Ni les films ni les cinéastes qui les font ne peuvent décider du culte que le public leur consacrera. Le statut prisé de film culte n’appartient en effet qu’au public qui voudra bien se rassembler autour de lui, y voir quelque chose qu’il décidera d’intégrer à son tour dans sa vie : des dialogues, un grand geste, une trame sonore, les éléments qui font le culte d’un film culte en sont les éléments les plus reconnaissables, ceux par lesquels le film se grave dans notre mémoire à la manière d’un refrain visuel et sonore. Qu’est-ce qu’un film culte ? Pris au sens propre, c’est de l’amour collectif envers des images mouvantes, un amour si fort qu’il procède ensuite chez le spectateur en l’invitant au mimétisme ; le film culte nous invite à y habiter, à en prendre possession, s’inscrivant dans le corps et l’esprit qui cherchent, en se costumant, en apprenant les répliques par cœur, en faisant des personnages des modèles, une façon d’atteindre cette Scène imaginaire.

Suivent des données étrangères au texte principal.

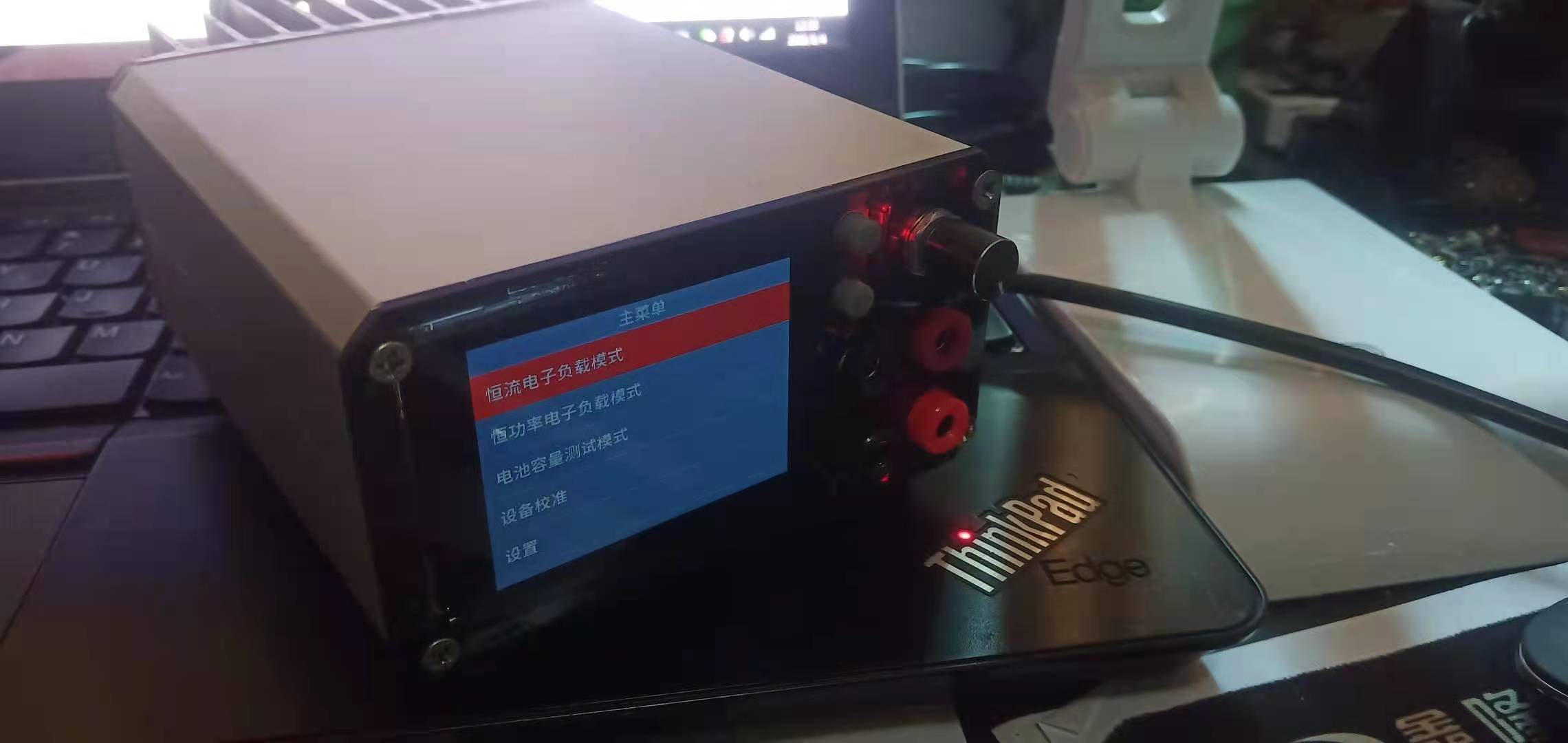 303284124421883362.jpg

C’est le souvenir que l’on garde par exemple du célèbre professeur John Keating, interprété brillamment par Robin Williams dans Dead Poets Society (Peter Weir, 1989). Sa manière de se recroqueviller en pleine classe, d’attirer les élèves vers lui pour qu’il leur confie le secret chuchoté de la poésie : « On ne lit pas ni écrit de la poésie parce que c’est joli. On lit et écrit de la poésie car on fait partie de l’humanité. Et l’humanité est faite de passion. » Entouré par des étudiants captivés, Keating chamboule l’enseignement à hauteur de professeur, enseignement d’une fermeté absolue dans cette prestigieuse académie pour garçons qui les dompte à devenir les froids leaders de demain. Cherchant au contraire à réchauffer leurs ardeurs, il varie les postures de son enseignement : au sol ou sur son bureau, ce qui compte c’est de convaincre une classe (et les spectateurs par la même occasion) qu’enseigner n’est pas une affaire de limpidité monotone ou de rhétorique asservissante.